Paylaş
BÜYÜKŞEHİR Belediyesi'nin trafiğin planlanmasından sorumlu Altyapı Planlama Koordinasyon Dairesi, beş aydır sürdürdüğü çalışmayı sonuçlandırdı ve İstanbul'da afet anında kullanılacak yolları belirledi.
Gazetemizde bu yolları ilçe ilçe yayımlamaya bugünden itibaren başladık. (Bkz. sayfa 6).

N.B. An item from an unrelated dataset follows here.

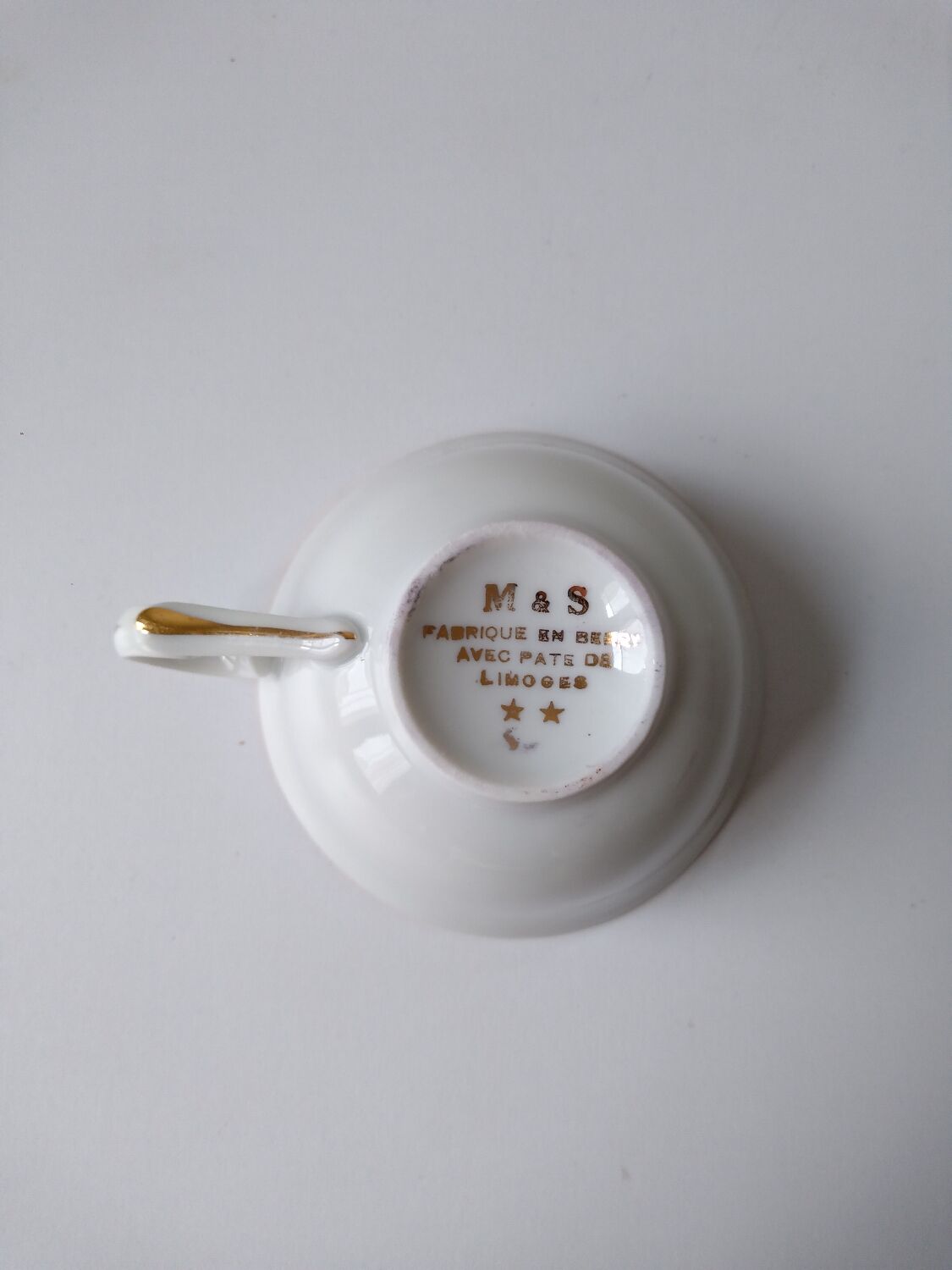 Set of 6 Berry Limoges flower porcelain tea coffee cups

Bu yollar, bir afet olduğunda, arama-kurtarma ve yardım çalışmaları için kullanılacak. Önemini ayrıca vurgulamaya gerek yok:
Hepimiz insanların acil yardıma ihtiyaç duyduğu bir anda, kesintisiz bir ulaşımın ne kadar hayati bir rol oynadığını çok acı bir şekilde öğrendik.
Şimdi her ilçe için bu yollar belirlendi. Bu yollara kesin park yasağı getirilecek. Yasak, halkın bilgilendirilmesi ve bu yollara levhalar konulması işlemi biter bitmez başlayacak.

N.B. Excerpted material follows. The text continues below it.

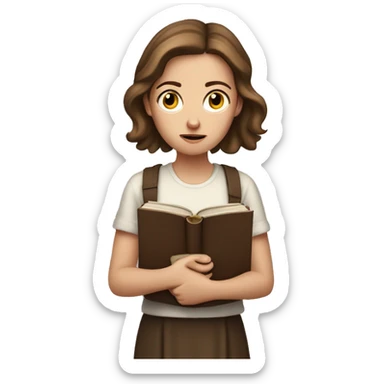 White Girl with brown hair Looking worried, with a bible in hand  sticker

Doğal olarak, park yasağını başlatmak için bir afeti bekleyemeyiz. Çünkü afetin ne zaman olacağı belli değil. İşte dilimizden düşürmediğimiz ‘‘afete hazırlıklı olmak’’, ‘‘depremle bir arada yaşamayı öğrenmek’’ gibi lafların anlamı da tam bu:
Ne zaman olacağı belli olmadığı halde, her an olacakmış gibi, bazı yolları açık tutmak!
Peki, acaba bu başarılabilir mi?
Bu sorunun çok önemli olduğunu düşünüyorum; çünkü her ilçede bir yığın önemli yol, kırmızıyla işaretlenmiş, yani kesin park yasağına giriyor. Bunları park eden otomobillerden temizlemek mümkün mü?

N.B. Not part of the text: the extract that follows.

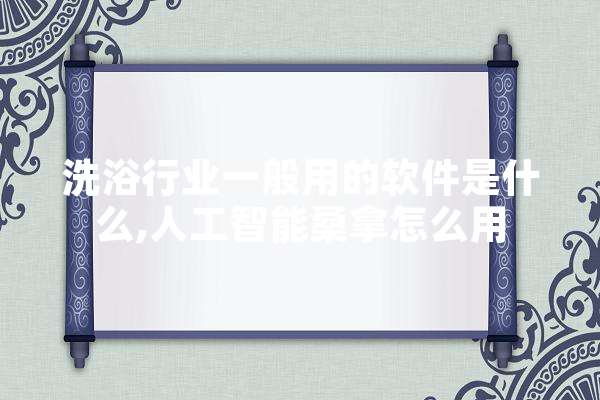 洗浴行业一般用的软件是什么,人工智能桑拿怎么用 AI简讯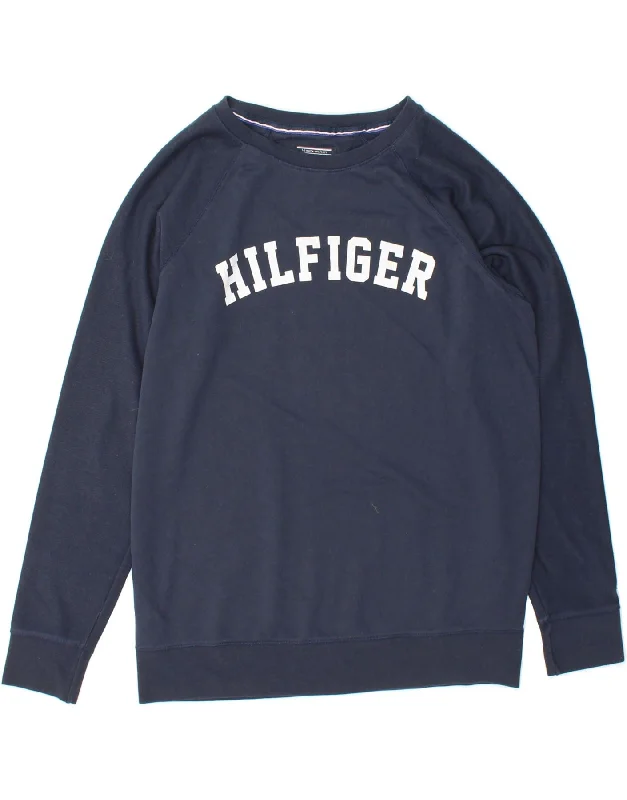 TOMMY HILFIGER Mens Graphic Sweatshirt Jumper XS Navy Blue Cotton Hoodie with Gradient Ombre Colorful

İstanbul, büyük park sıkıntısı yaşayan bir şehir. Dolayısıyla bu park yasağı, sadece kolluk güçlerinin müdahalesiyle gerçekleşemez. Halkın gönüllü olarak katılımı gerekir.
İşte bu noktada ciddi tereddütlerim var.
Acaba, araçlarımızı bu yollara park etmemek gibi bir fedakarlığa katlanabilecek miyiz? Alternatif otoparklar gösterilecek mi, bunlar işlevsel olarak kullanılacak mı?
Kısacası, iki soru: Bir, idare, aldığı önlemi uygulanabilir hale getirecek mi? İki, biz depremden ders aldık mı?
İşte birkaç ay içinde bu soruların cevabını öğreneceğiz.